Jump to: navigation, search

Status

Currently OpenZFS on OS X is active development, with priority being given to stability and integration enhancements, before performance.

Performance Tuning

Memory Utilization

ZFS uses memory caching to improve performance. Filesystem meta-data, data, and the De-duplication Tables (DDT) are stored in the ARC, allowing frequently accessed data to be accessed many times faster than possible from hard disk media. The performance that you experience with ZFS can be directly linked to the amount of memory that is allocated to the ARC.

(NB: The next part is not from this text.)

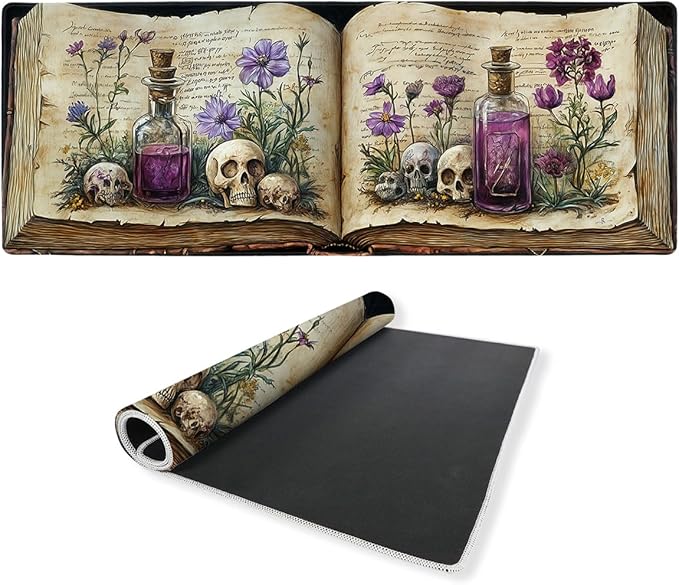 Bookshelf Desk Mat Gaming Mouse Pad Mystic Plants Dark Grimoire Magic Skull Mousepad for Keyboard and Mouse Extra Large Full Desk Computer Pads 31.5 x 11.8 Mouse Pads for Desk Home Office Gaming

O3X 1.3.0 sets the default maximum ARC size to just 25% of your computer's main memory, as opposed to illumos, which sets it at 75%, and ZFS on Linux, which sets it at 50%. Due to space efficiency limitations in the O3X allocator, this will result in up to 40% of your computer's memory being occupied by ZFS.

O3X uses Wired (non-pageable) memory for the ARC. Activity Monitor and Top can display the total amount of Wired memory allocated. The spl.kmem_bytes_total sysctl contains the amount of memory allocated by ZFS. The difference between these figures reflects memory use by the kernel and the efficiency factor of the allocator. A real world example, a 32GB iMac, has ARC set to 8GB. Approximately 7GB RAM allocated by ZFS, results in approximately 10.5GB of Wired RAM in use.

The size of the ARC is controllable by altering the value stored in the sysctl zfs.arc_max which can be set by:

sudo sysctl -w zfs.arc_max=<arc size in bytes>

When configuring large amount of ARC storage, the total allocated memory should be carefully monitored as the machines performance may suffer if too much memory is allocated.

Future improvements to the allocator will improve its space efficiency for small allocations, which will address some of the limitations present in current code.

Current Benchmarks

In order to establish a baseline of current performance of OpenZFS on OS X, measurements have been made using the iozone [1] benchmarking tool. The benchmark consists of running various ZFS implementations inside a VMware 6.0.2 VM on a 2011 iMac. Each VM is provisioned with 8GB of RAM, an OS boot drive, and a 5 GB second HDD containing a ZFS dataset. The HDDs are standard VMware .vmx files.

The test zpool was created using the following command:

zpool create -o ashift=12 -f tank <disk device name>

The benchmark consists of the following steps:

  1. Start the VM.
  2. Import the tank dataset
  3. Execute -> mkdir /tank/tmp && cd /tank/tmp
  4. Execute -> time iozone -a
  5. Record Time 1
  6. Execute -> time iozone -a
  7. Record time 2
  8. Terminate the VM and VMware before moving to the next ZFS implementation/OS combination.